2.The budget may be attractively decorated and covered with sweet icing, resembling the above outcomes, but will cleverly hide the long term implications and bitter pills inside. In the short term the proposals will even fail to address effectively macro management and good governance needs, in the context of the challenges facing the government with;
* a budget to balance
* a budget debate to win a war
* allocation of goodies to give away for short term popularity
* politicians and supporters to please
* large infrastructure commitments to fit personal agendas
* not bound by donor conditionality
* an opposition to be outdone
* an internationally negative economic environment
* an acceptable package to settle the ethnic conflict
* meeting international, Indian and local aspirations
* human rights issues to be neutralized

3. Guidelines for evaluation and critique include;

* Validate the overall directions established by the budget in supporting the desired outcomes
* Is the budget a statement of action and not a mere policy statement? Is it comprehensive, transparent and accountable? Does it set concrete, quantifiable proposals with supportive action plans, definitive time lines and accountability? Will it ensure fiscal transparency and good governance, and promote high quality sustainable growth?

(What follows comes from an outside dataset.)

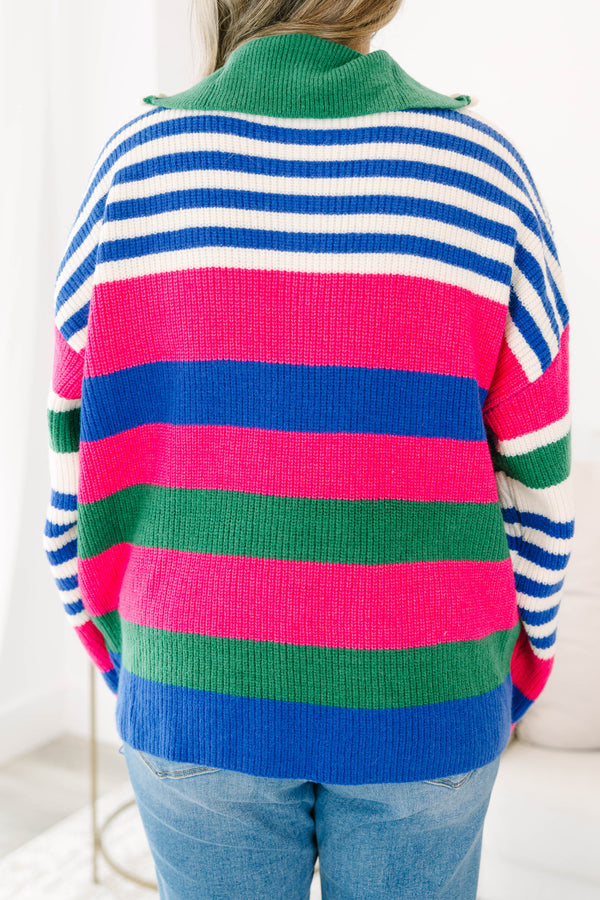 Chic Soul plus size clothing, blue multi colored sweater with a striped pattern and a zipper on the chest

Are the following clearly specified?
- Macro Economic Framework
- Fiscal Policy Objectives
- Rationale behind the Objectives
- Key Assumptions in compiling the Budget
- Impact of the key assumptions
- Previous year’s budget and corresponding actual figures
- Latest estimates of current budget
- Forecasts for the balance part of the year
- Financial commitments and the progress in relation to thrust sectors of the economy, and major infrastructure projects,
- Contingency liabilities of the government, including deferred payment commitments, unfunded pension liabilities,
- Compare the budgeted revenue and expenses (capital and recurrent) and other key macro variables projected in 2006 and 2007 including current account, balance of payments, debt, deficit financing with actual and estimated outturns, variances, and critique the long term impact
- Validate the long term justification of the resource allocations budgeted for 2008
- Validate the long term implications of current account deficits, balance of payments and deficit financing
- Disaggregate growth by regions
- Validate for ethnic sensitivity
- Identify wasteful expenses
- Predict the likely outcomes if previous trends repeat in 2008
- Review risks and sensitivity to changes in critical assumptions
- Likely impact of blanket approval to substitute vote heads
- Impact of deficits and financing off balance sheet commitments eg. CPC and CEB
- Are the three year projections realistic and rationale or merely an arithmetic projection?
Take note the supermen, super brands, and super fence sitters! At least this time round think before you leap in with your response critique!